一応、遊びのつもりで提案したのだけれど、いらない闘争心を煽り過ぎてしまったか。
「それじゃあ、お兄ちゃん。十数えたら追いかけるからね」
「浜に上がるのは反則ですから」
「時間制限はどうしますか? あまり長いと大変なので」
相手側は割と本気だった。
可愛い女の子三人に追いかけられるというのは、傍からいればかなり羨ましいシチュエーションであるはずなのに(まあそのうちの一人は妹だけれど)相手の瞳に映る闘志のせいか、別の意味でドキドキしてくる。
「お昼時になって、今いる人たちが引き揚げ始めるまでにしようか。それか、しびれを切らした日陽先輩が呼びにくるとか」
あいまいな基準だけれど、スマホがあるわけでもないからな。
どうせ近いからと、置いてきてしまった。水に濡れるのも困ったし。
「ですが、引き上げ時って、グループごとバラバラですよね。最初の組、みたいにしてしまうと、短すぎる可能性もありますし」
「そういえば、今日は学院でも部活はやっているんですよね。運動部の方たちは。それなら、お昼のチャイムも鳴ったりするのではありませんか?」
縁子ちゃんが顎に指を当てていると、弥生先輩が学院のほうへ視線を向けた。
たしかに、よく耳をすませば、グラウンドから、野球部だか、サッカー部だか、練習中の声が聞こえてきている。

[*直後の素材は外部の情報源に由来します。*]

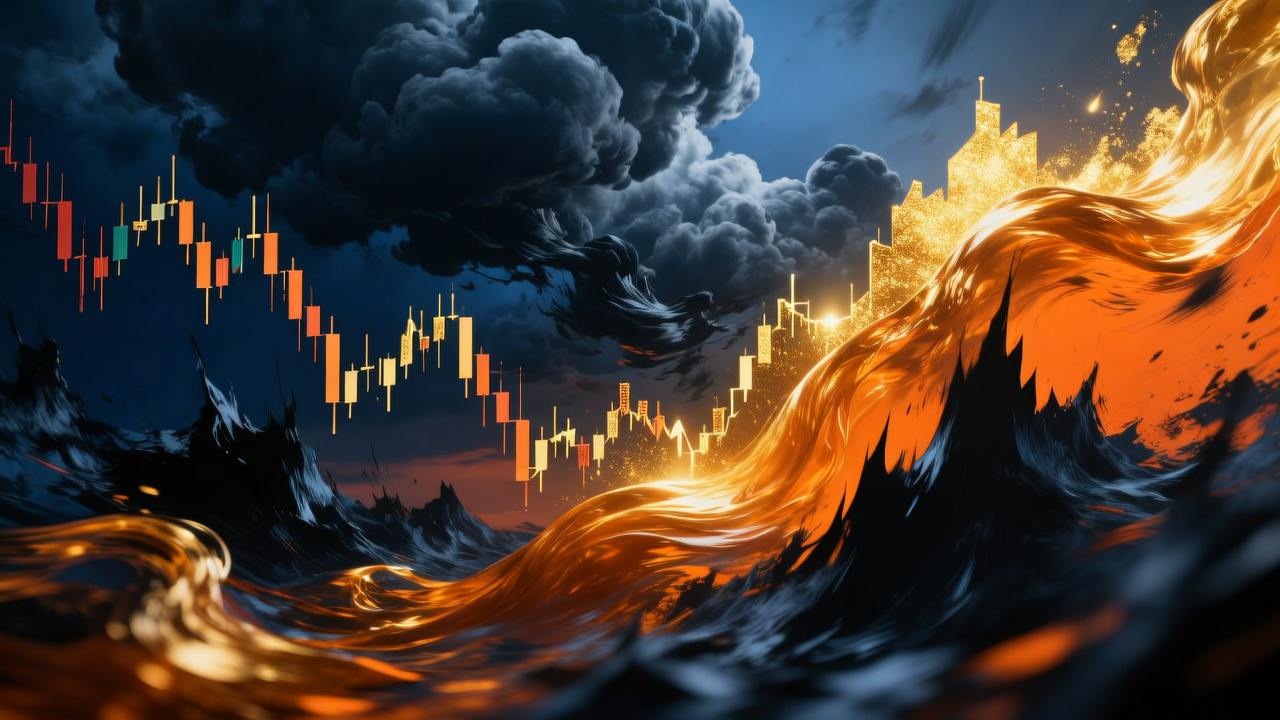 PDD Holdings Recovers 3.32% After Earnings Miss, Intraday Volatility Reaches 6%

「では、チャイムが本当に鳴るのかはわかりませんけれど、鳴るか、あの掛け声が収まるか、それとも、そちらが疲れてギブアップになったら、終わりということにしましょう」
「もしくは、空楽さんが捕まったら、ですよ」
忘れないでくださいね、というように、縁子ちゃんが視線を鋭くする。
「そうだったね」
それじゃあ、と、皆が十数える間に、僕は泳いで距離をとらせてもらった。